The Cybersecurity Enhancement Act of 2009: A Start, But Not Nearly Enough

On February 4, before several snow storms shut down much of Washington, D.C., the U.S. House of Representatives passed its first cyber security bill of this session. This bill, the Cybersecurity Enhancement Act of 2009, would fund grants and fellowships for cyber research and establish minimum requirements for the National Institute of Standards and Technology (NIST) for government computer networks, among other provisions. While the bill would, if adopted by the U.S. Senate, make some progress toward improving the protection of America’s critical infrastructure, the bill makes no hard choices and breaks no new ground in terms of cyber security.

Going forward, the Obama Administration, working with Congress, should lay the foundation for an a renewed focus on cyber security, one centered on the principles of smart security, economic prosperity, robust protection of privacy and civil liberties, and the need for limited government. Good first steps toward this goal would be to improve the quality of oversight and interagency coordination within Congress and the executive branch on cyber issues while updating laws, policies, and doctrines to reflect cyber realities.

The Cybersecurity Enhancement Act of 2009

The bill:

  • Calls for a cyber security strategic research and development plan;
  • Directs the National Science Foundation (NSF) to create fellowships and give grants for cyber-related research; and
  • Requires the NIST to develop checklists and technical standards for cyber security matters.

All of these steps are positive, especially allowing NSF and NIST to spend money (appropriated wisely) on the most valuable and promising research. But research is only one component—and a relatively small one—of a sound national cyberspace doctrine.

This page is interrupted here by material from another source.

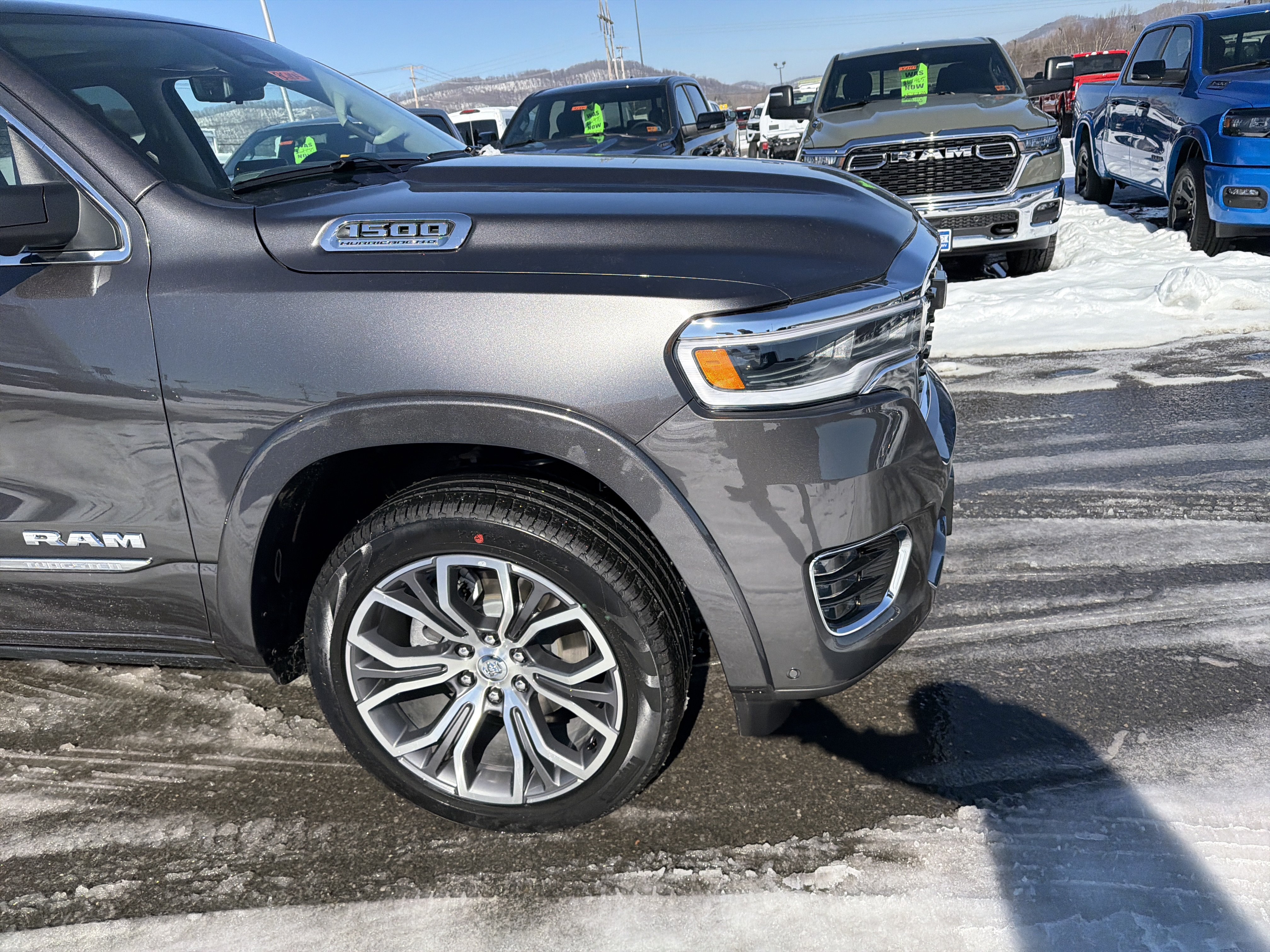 New 2026 RAM 1500 Tungsten w/ Trailer Tow Group AWD/4WD image 4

For its part, the Obama Administration has tried to make the case for a more extensive approach to cyber security. Yet the White House has failed to robustly address cyber security, while congressional efforts remain scattered and unorganized. Given America’s extensive reliance on cyber networks, such an undertaking is important and should be done in a thoughtful and deliberate manner built on these important principles:

  • Economic prosperity. The private sector conducts its business primarily through cyber networks. Therefore, any legislation that attempts to regulate the cyber realm must take into account the economic interests at stake. Where the federal government does have a legitimate need to regulate, it should do so in a flexible and cost-effective manner.
  • Robust protection of privacy and civil liberties. If they are to be effective, new cyber doctrines and policies are likely to involve the government in significant new activities on the Internet. That will be a change, and many Americans will rightly be concerned. They will want assurances that even as America acts to stop cyber threats, citizens’ fundamental privacy and civil liberties will be protected—and the government should provide these assurances.
  • Limited government. Undoubtedly, the federal government’s responsibility to provide for the common defense extends to the cyber realm. However, the federal government should act only where absolutely necessary—leaving the cyber domain in the hands of private citizens while providing necessary security.

A New Cyber Agenda

Developing an organized framework based on these principles may well require a new paradigm in order to be successful. Currently, the U.S. approaches cyber security through the prism of a security paradigm, with “firewalls” fighting off “distributed attacks” from “botnets.” This may be the right concept, but it might not.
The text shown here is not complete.